(RECORDS FOR THIS TASK Opens)

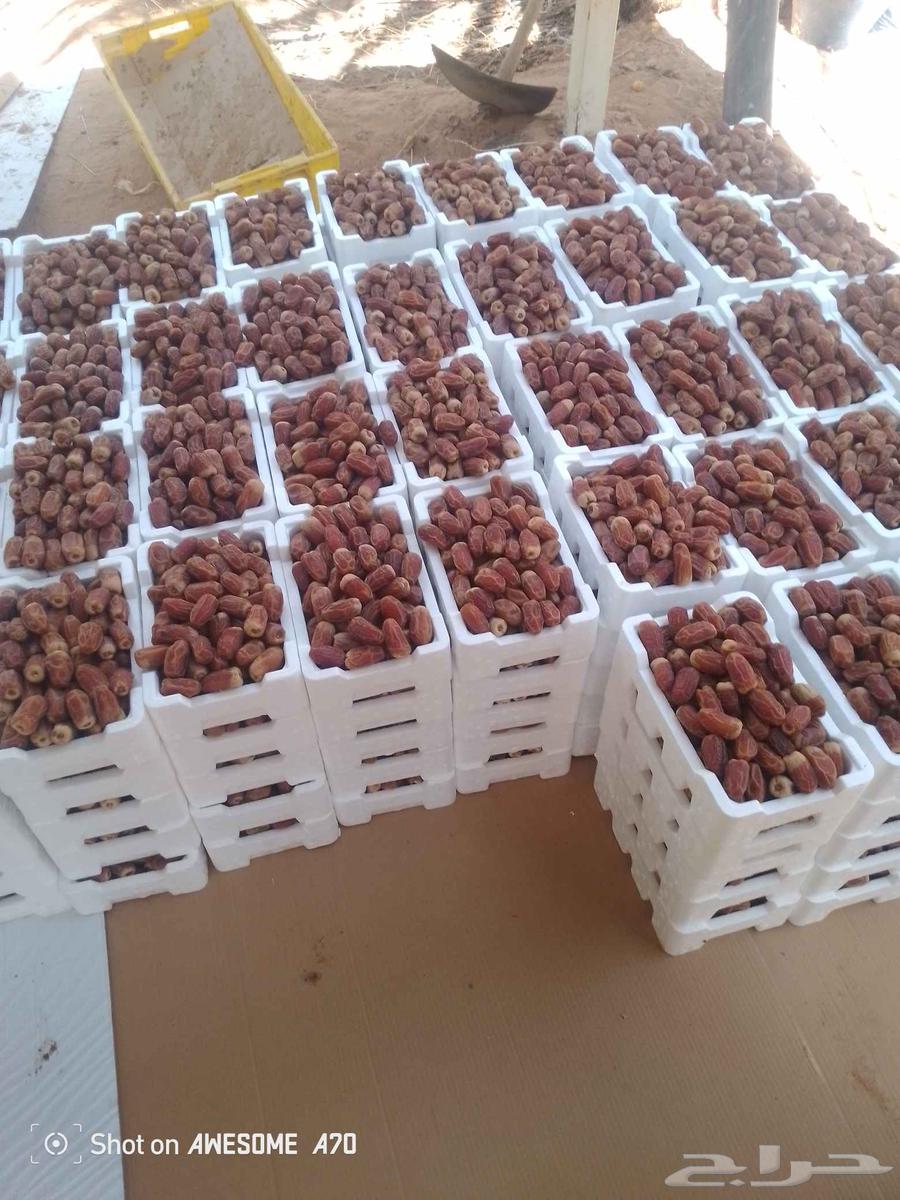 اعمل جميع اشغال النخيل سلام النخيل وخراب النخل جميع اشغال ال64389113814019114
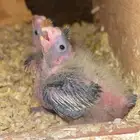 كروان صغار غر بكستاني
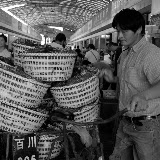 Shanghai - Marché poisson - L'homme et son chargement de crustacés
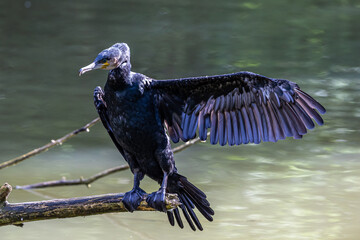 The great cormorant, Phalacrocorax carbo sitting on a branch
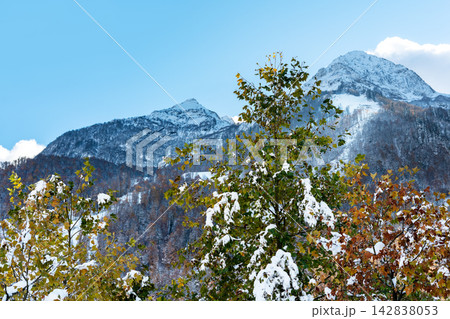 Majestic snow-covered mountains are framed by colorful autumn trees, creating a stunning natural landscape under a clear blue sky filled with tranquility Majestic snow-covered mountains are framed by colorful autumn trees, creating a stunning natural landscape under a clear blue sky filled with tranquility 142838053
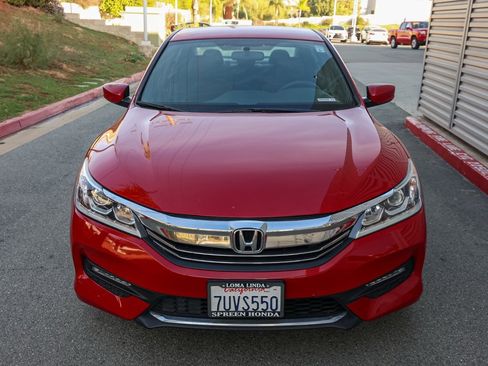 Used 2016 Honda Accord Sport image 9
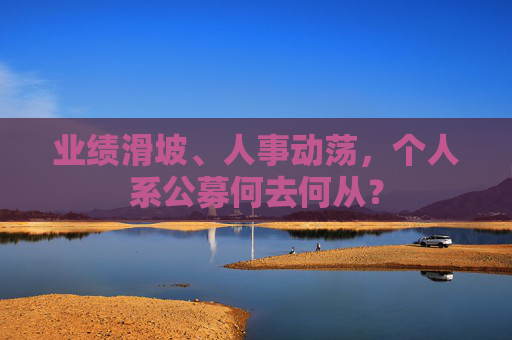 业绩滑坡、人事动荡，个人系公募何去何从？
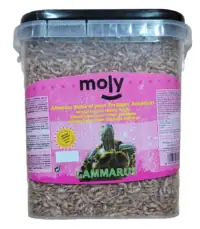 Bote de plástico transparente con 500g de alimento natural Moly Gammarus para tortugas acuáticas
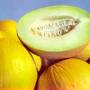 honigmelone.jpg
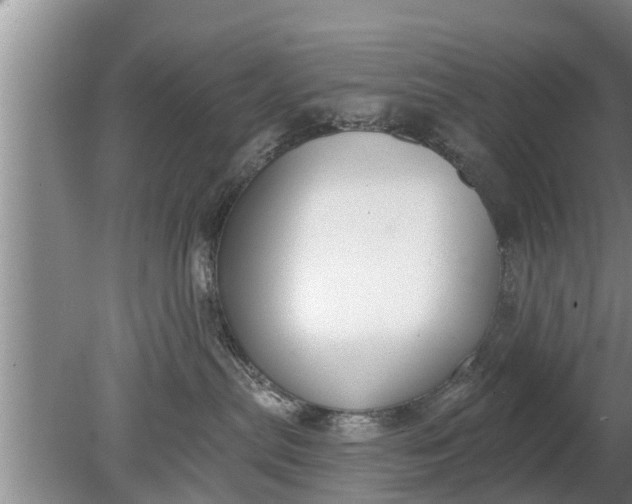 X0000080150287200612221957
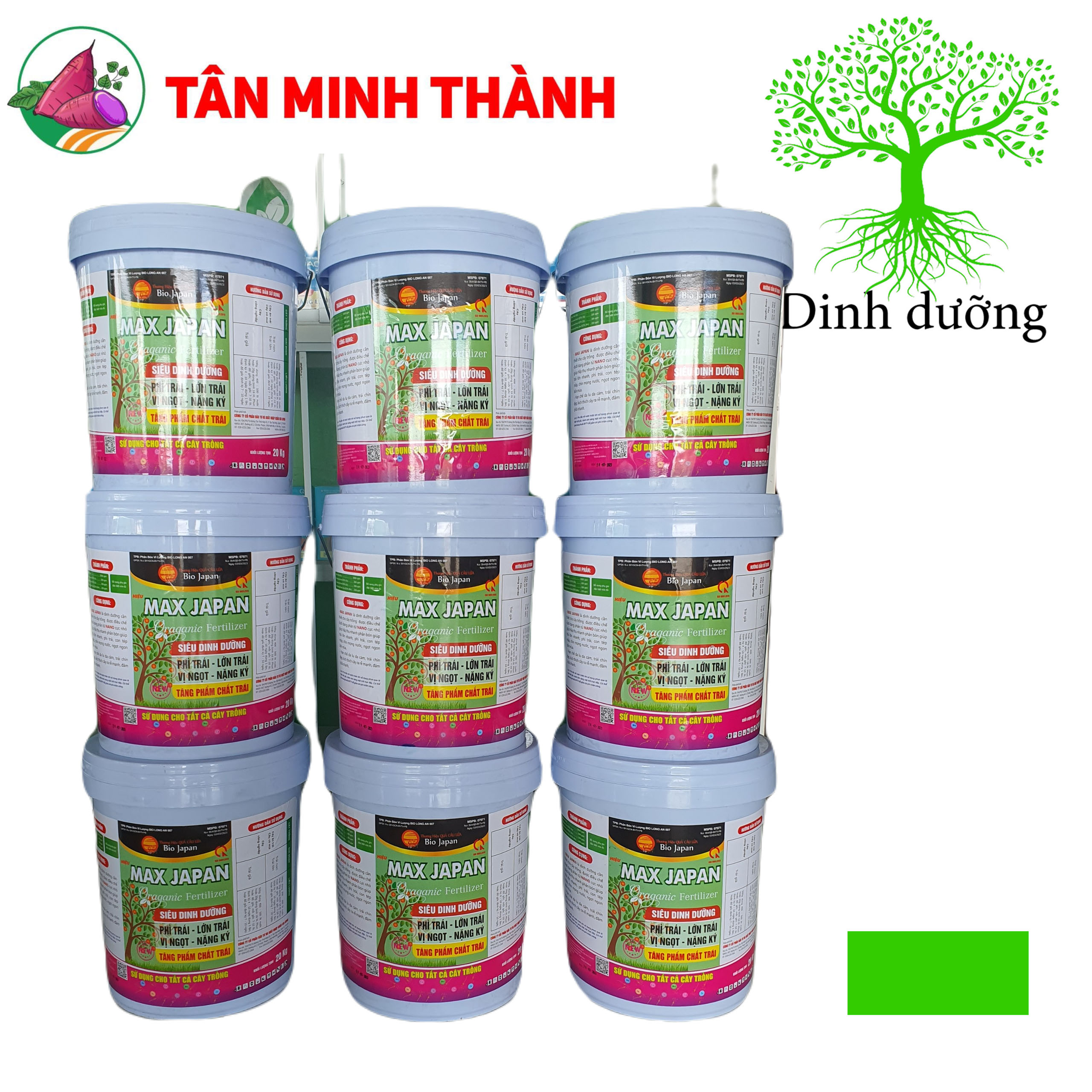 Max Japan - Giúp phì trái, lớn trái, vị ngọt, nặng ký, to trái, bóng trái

(RECORDS FOR THIS TASK Closes)

:: YOUR INSTRUCTIONS ::
Reprint the listing above exactly, without images.

:: RESULT OF THE EXERCISE ::
 اعمل جميع اشغال النخيل سلام النخيل وخراب النخل جميع اشغال ال64389113814019114
 كروان صغار غر بكستاني
 Shanghai - Marché poisson - L'homme et son chargement de crustacés
 The great cormorant, Phalacrocorax carbo sitting on a branch
 Majestic snow-covered mountains are framed by colorful autumn trees, creating a stunning natural landscape under a clear blue sky filled with tranquility Majestic snow-covered mountains are framed by colorful autumn trees, creating a stunning natural landscape under a clear blue sky filled with tranquility 142838053
 Used 2016 Honda Accord Sport image 9
 业绩滑坡、人事动荡，个人系公募何去何从？
 Bote de plástico transparente con 500g de alimento natural Moly Gammarus para tortugas acuáticas
 honigmelone.jpg
 X0000080150287200612221957
 Max Japan - Giúp phì trái, lớn trái, vị ngọt, nặng ký, to trái, bóng trái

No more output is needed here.